■ **Your instructions**: The answer is to be an exact copy of the lines below running from the line with "Photo de variété" down to the line with "laboratório de medicina reprodutiva", both ends included, and nothing more.
Segment Start: Dataset records
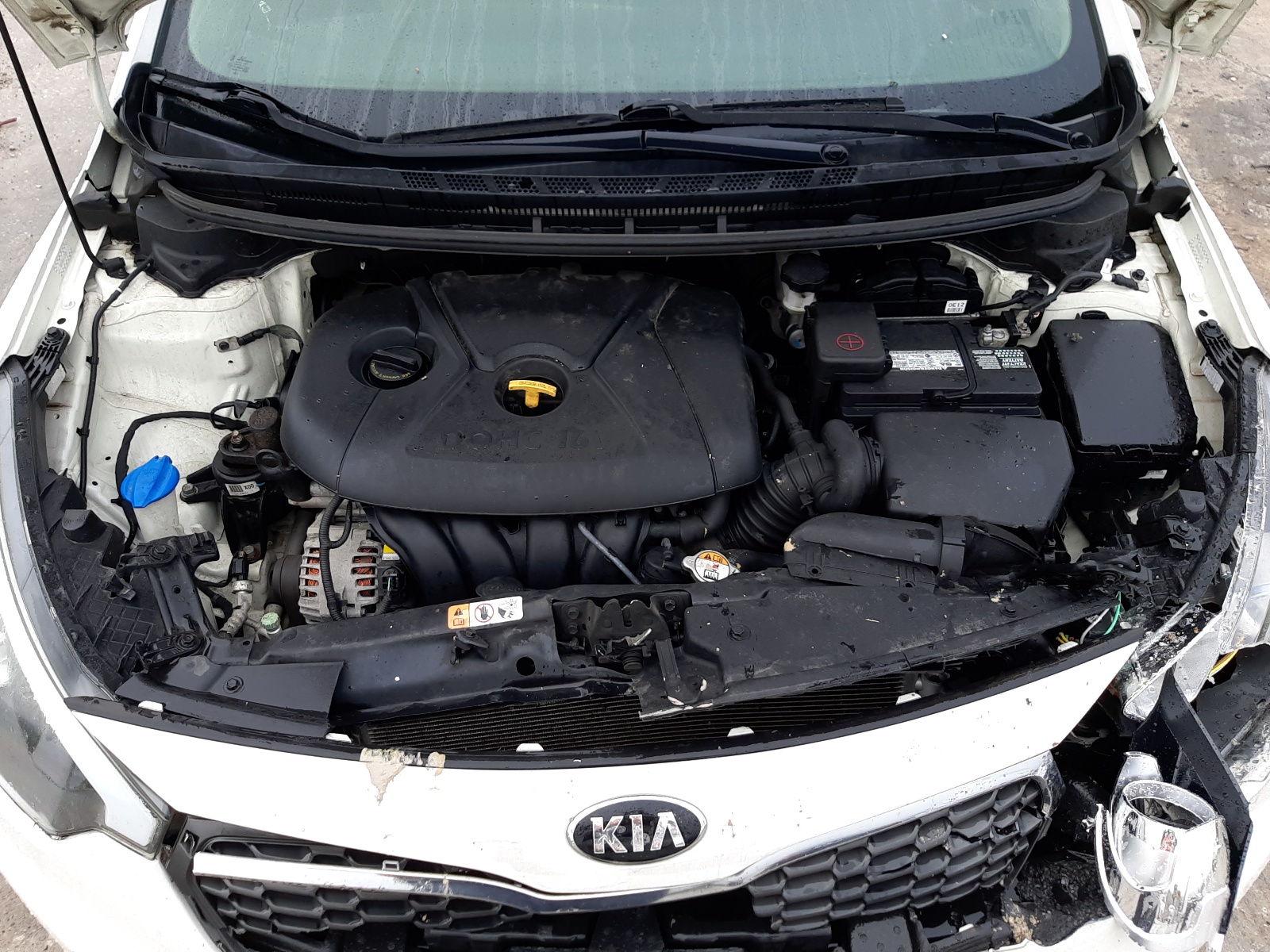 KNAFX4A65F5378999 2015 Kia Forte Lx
Segment End: Dataset records
Segment Start: Dataset records
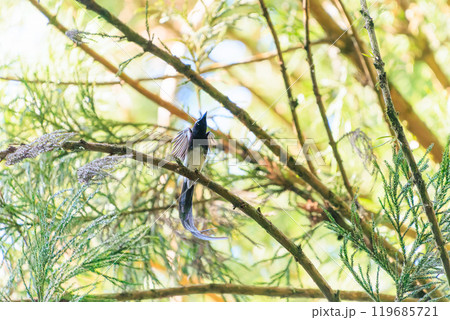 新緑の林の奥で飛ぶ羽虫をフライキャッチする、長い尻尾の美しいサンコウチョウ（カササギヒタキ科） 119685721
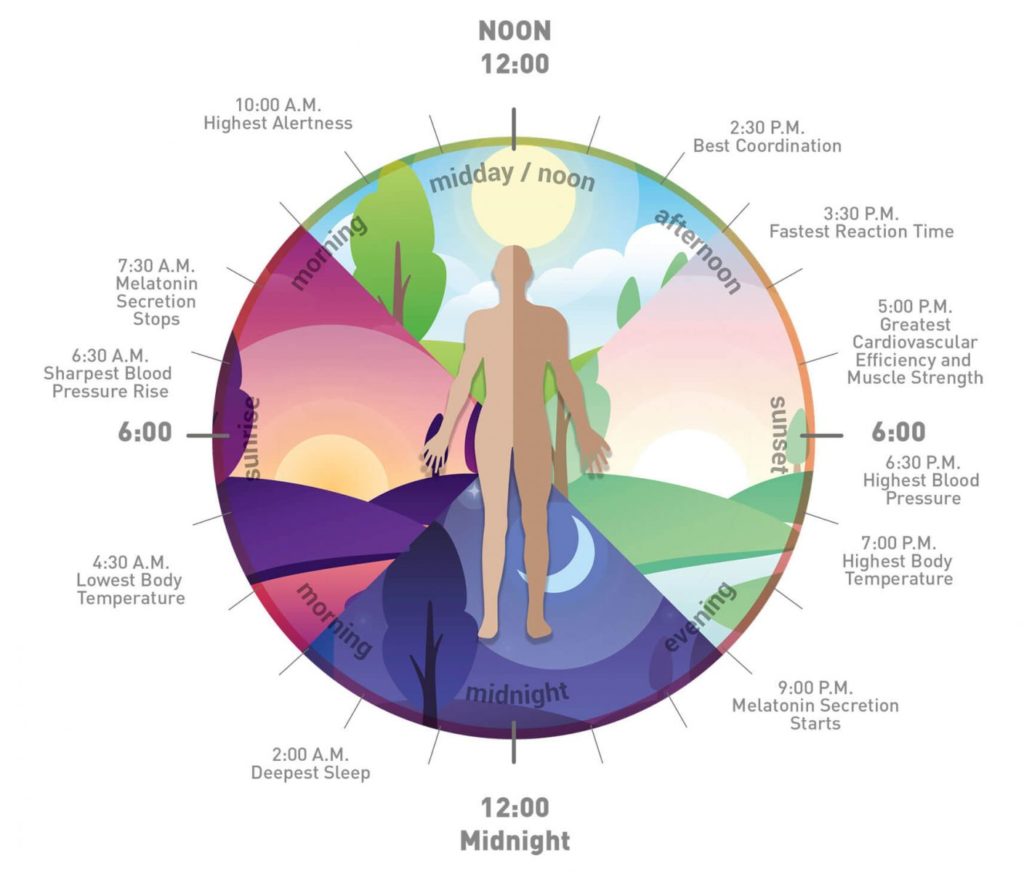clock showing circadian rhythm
Segment End: Dataset records
Segment Start: Dataset records
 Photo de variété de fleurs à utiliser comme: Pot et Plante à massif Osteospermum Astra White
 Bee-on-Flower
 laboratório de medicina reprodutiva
Segment End: Dataset records
■ **Your response**:
 Photo de variété de fleurs à utiliser comme: Pot et Plante à massif Osteospermum Astra White
 Bee-on-Flower
 laboratório de medicina reprodutiva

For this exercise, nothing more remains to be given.